Random Musing
Well... I haven't been here for a while.
Hopefully no one ever come here anymore so that i can type and not one will read what i type. you'll be tinking why then i have blog. Might as well just write a journal. But the thing is: without the publish button. I would simply delete what i have written because i know that i would nv have the courage to voice my thoughts and opinions out loud anymore.
Well This week is the start of school and the start of many things. There's just so much to do and so many things that be changed. Over the holidays, i set out to change myself. and now i see that i'm somewhat different no simply the hair but also other things as well.
One, i beginning to voice out more. But i guess i'm still not speaking my true opinions. There's still many to offload before i can truly be an honest person.
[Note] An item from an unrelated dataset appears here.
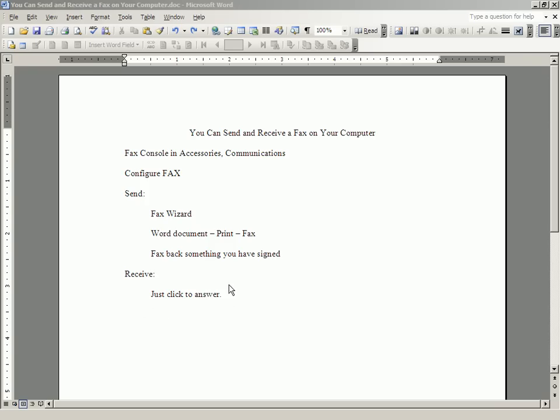So you need to know that the call that you are receiving is a fax call. I hope this has been helpful to you. It sure has been to me learning this a couple of years ago. Saved me a lot of trips to Kinko's.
All i can be now is a person with glib tongue here and there. Well, there's still many ppl who treat me as a child. I guess i do still pass off that image but it's not because i want to stay young but simply because being old is just too tiring and there's too much resposnsibility to bear. If there was a way to maintain my youthfulness and face these challenge head on, den i'll just have to have a little more faith in GOD.
You know what does FIDES means. Apparently it means Faith/ Trust in Latin. During a retreat over the holidays, i took home with me two important lessons. First, was discernment and making the more loving decisions. Second, that first comes trust then comes love. The second is currently just a hypothesis. I really do hope that if i continue to believe in him, my answer will be answered.